Exercise data below:

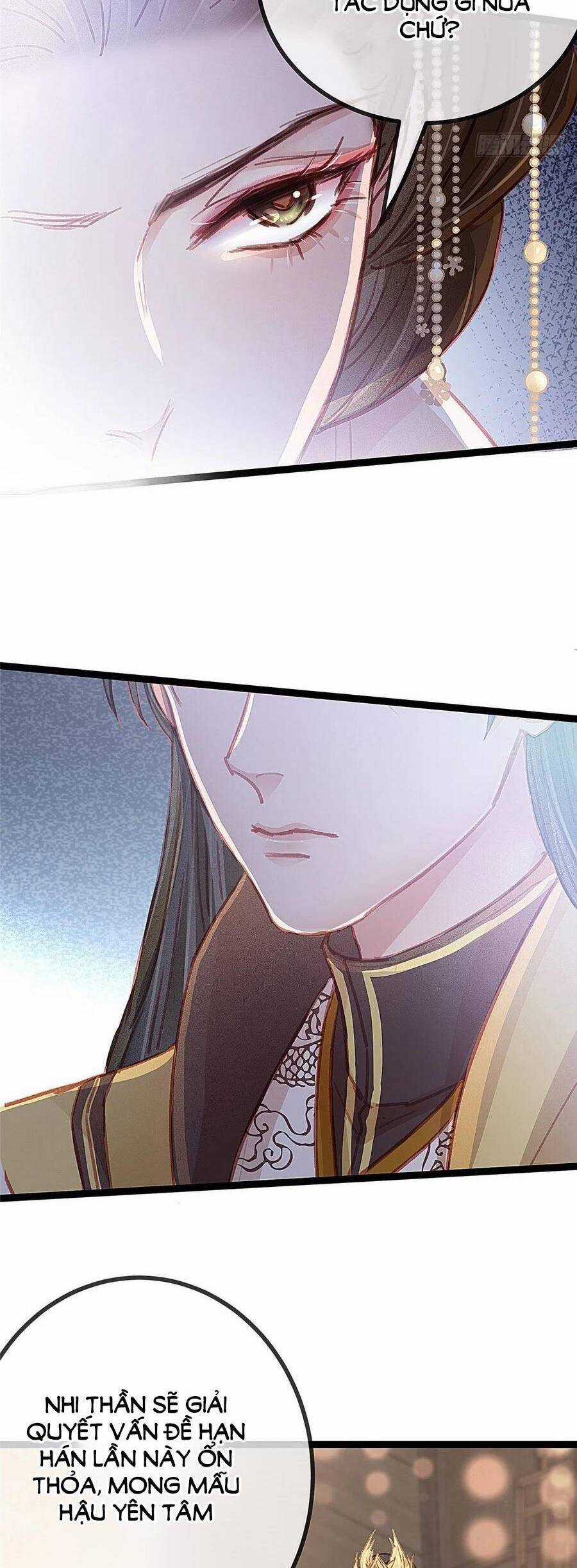 Quý Phi Muốn Trở Thành Con Cá Mặn Mòi Chapter 36 trang 14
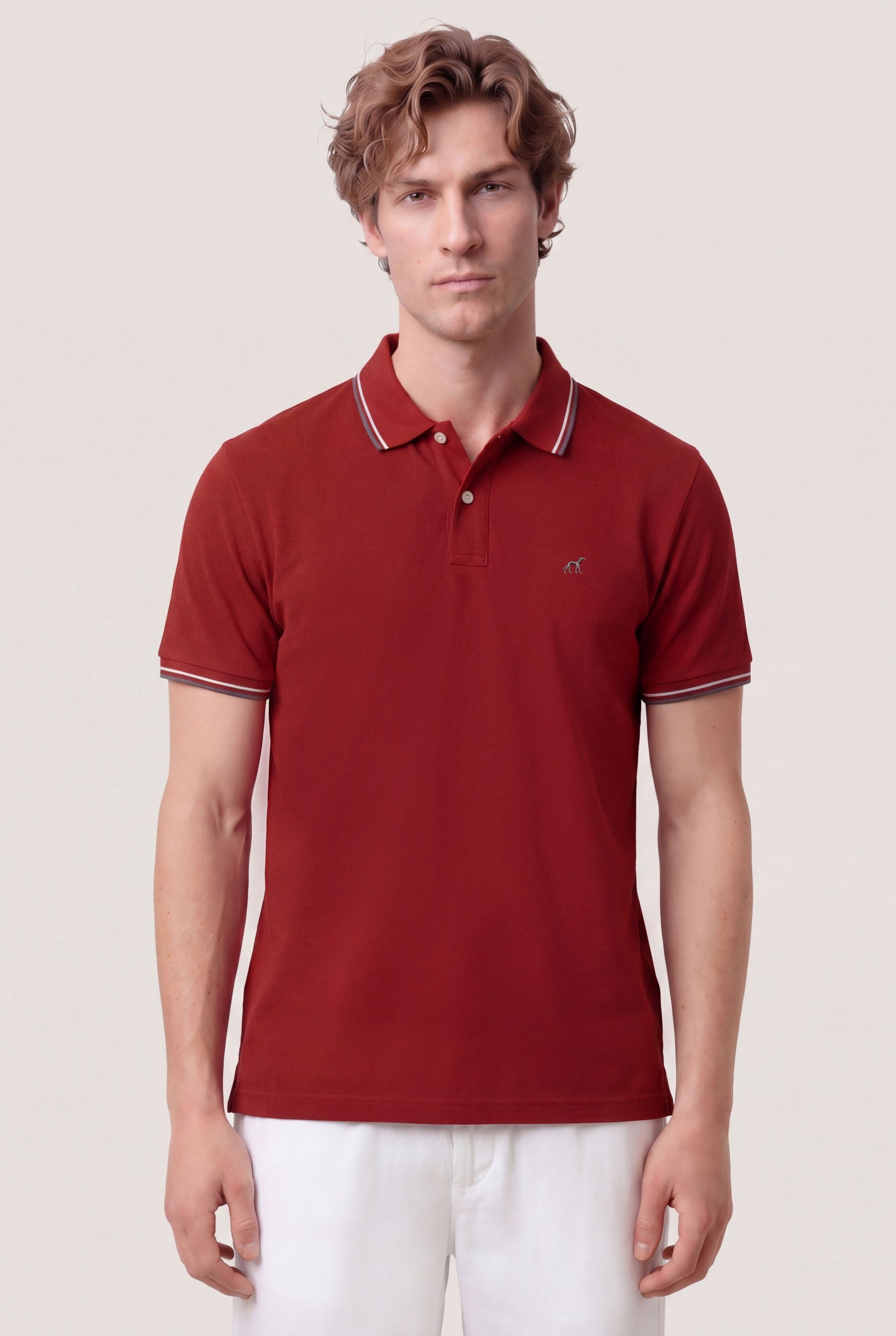 Vermelho Escuro (AI)
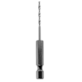 Wiertło do metalu 3,5 mm, uchwyt quick change Hex, szlifowane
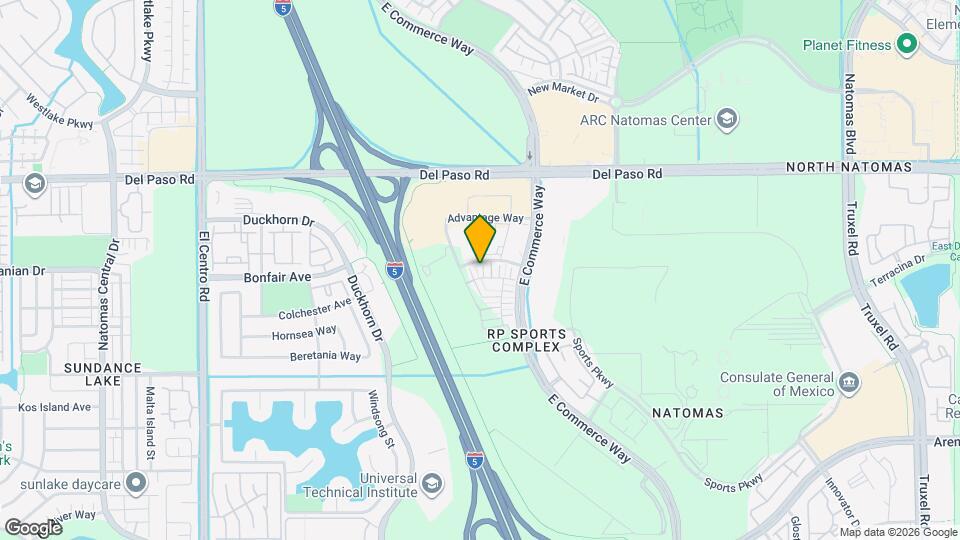 4474 Saone Walk Map and Location Details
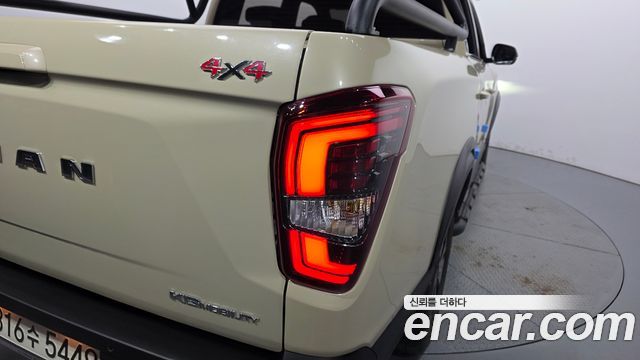 KG Mobility (SsangYong) Rexton Sports Khan Diesel 2.2 4WD Culman Prestige 2024 — фото 23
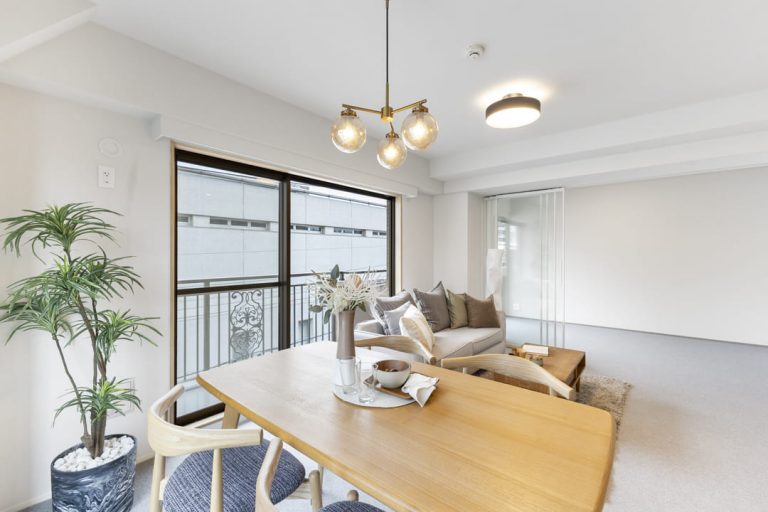 リビングダイニング、洋室3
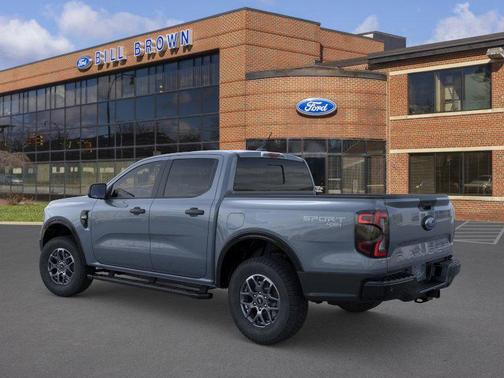 2025 Ford Ranger XLT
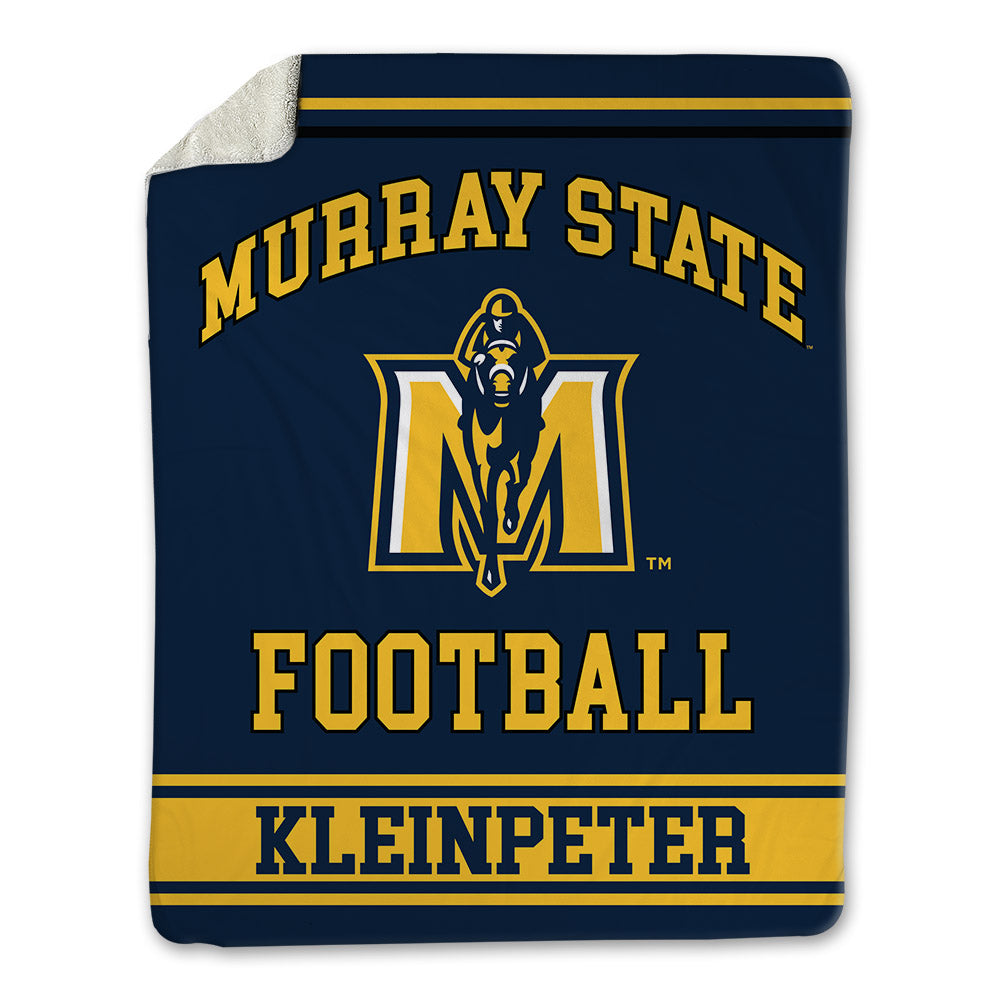Murray State - NCAA Football : Brooks Kleinpeter - Blanket-0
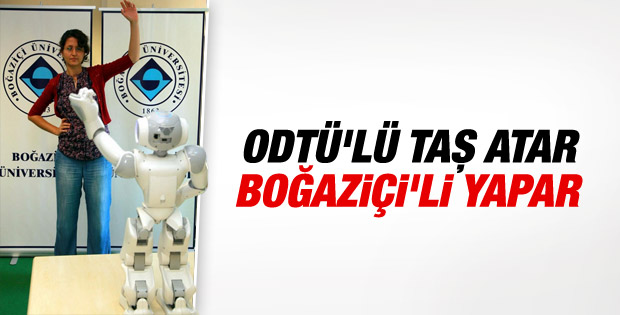 Boğazçili bilim kadını Binnur Görer insansı robot yaptı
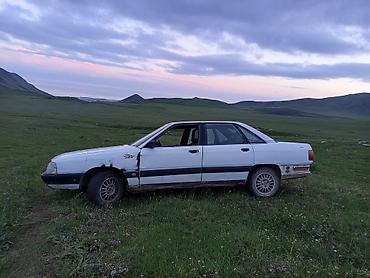 bmw рул: Audi 100: 1989 г., 0.2 - engine capacity л, Кол менен иштөөчү, Седан — 6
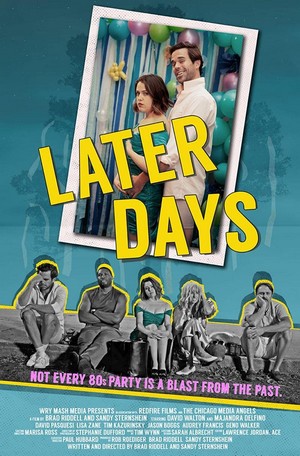 Later Days (2021) - poster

End of Exercise data.

What you give back must match the entries exactly, apart from the omitted pictures.

## Problem solution
 Quý Phi Muốn Trở Thành Con Cá Mặn Mòi Chapter 36 trang 14
 Vermelho Escuro (AI)
 Wiertło do metalu 3,5 mm, uchwyt quick change Hex, szlifowane
 4474 Saone Walk Map and Location Details
 KG Mobility (SsangYong) Rexton Sports Khan Diesel 2.2 4WD Culman Prestige 2024 — фото 23
 リビングダイニング、洋室3
 2025 Ford Ranger XLT
Murray State - NCAA Football : Brooks Kleinpeter - Blanket-0
 Boğazçili bilim kadını Binnur Görer insansı robot yaptı
 bmw рул: Audi 100: 1989 г., 0.2 - engine capacity л, Кол менен иштөөчү, Седан — 6
 Later Days (2021) - poster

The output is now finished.